§ WORK REQUEST: From the entries below, retype only the lines from the one with "Half of Peach Stock Photo" through the one with "MONTREAL CANADA 09", exactly as written.

§ LISTED ENTRIES:
☆ ☆ ☆ ☆ ☆ ☆ ☆

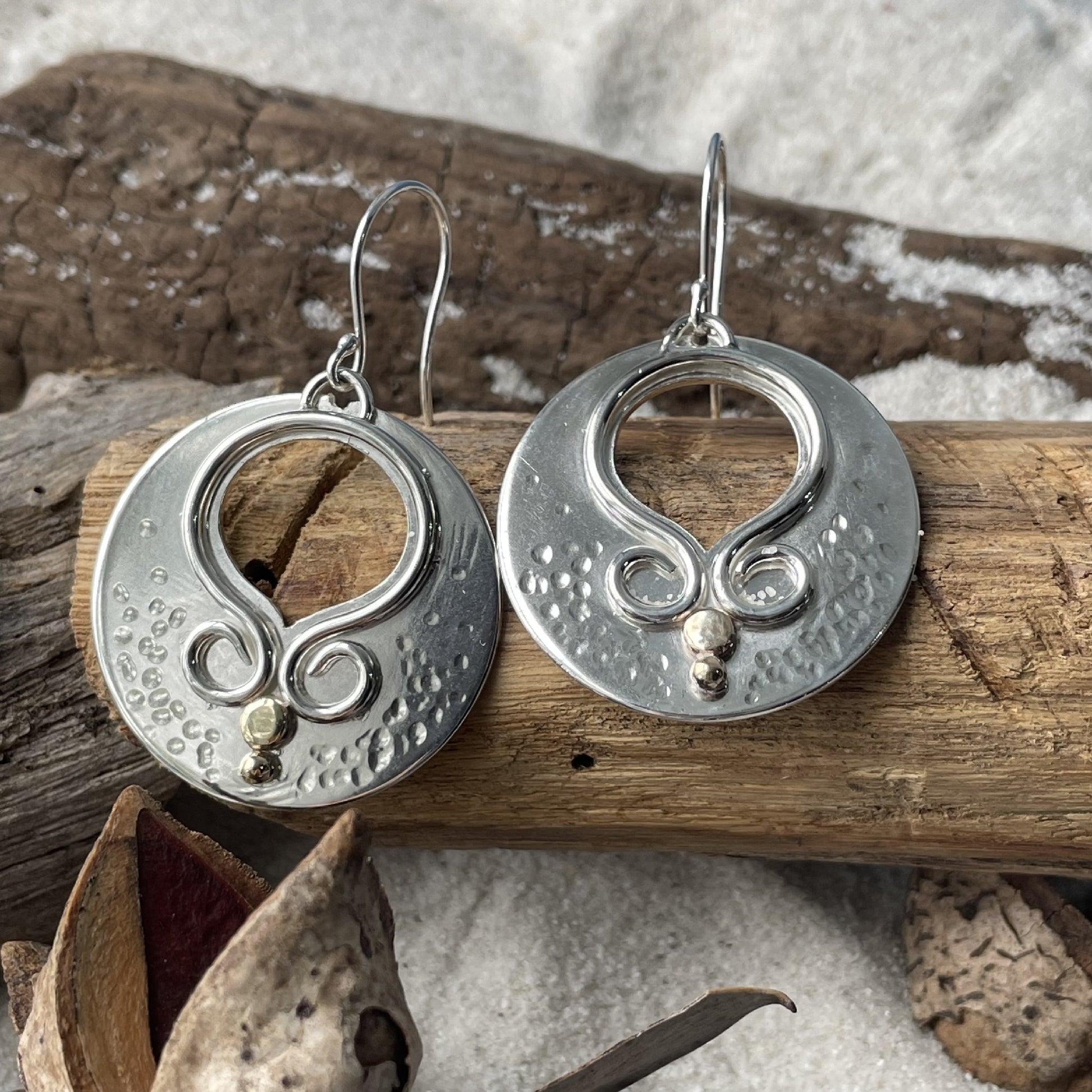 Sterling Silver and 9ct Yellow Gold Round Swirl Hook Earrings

☆ ☆ ☆ ☆ ☆ ☆ ☆

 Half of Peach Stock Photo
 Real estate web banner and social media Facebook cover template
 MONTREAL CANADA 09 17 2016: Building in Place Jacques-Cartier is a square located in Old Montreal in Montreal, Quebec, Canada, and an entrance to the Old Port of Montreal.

☆ ☆ ☆ ☆ ☆ ☆ ☆

§ RESPONSE AREA:
 Half of Peach Stock Photo
 Real estate web banner and social media Facebook cover template
 MONTREAL CANADA 09 17 2016: Building in Place Jacques-Cartier is a square located in Old Montreal in Montreal, Quebec, Canada, and an entrance to the Old Port of Montreal.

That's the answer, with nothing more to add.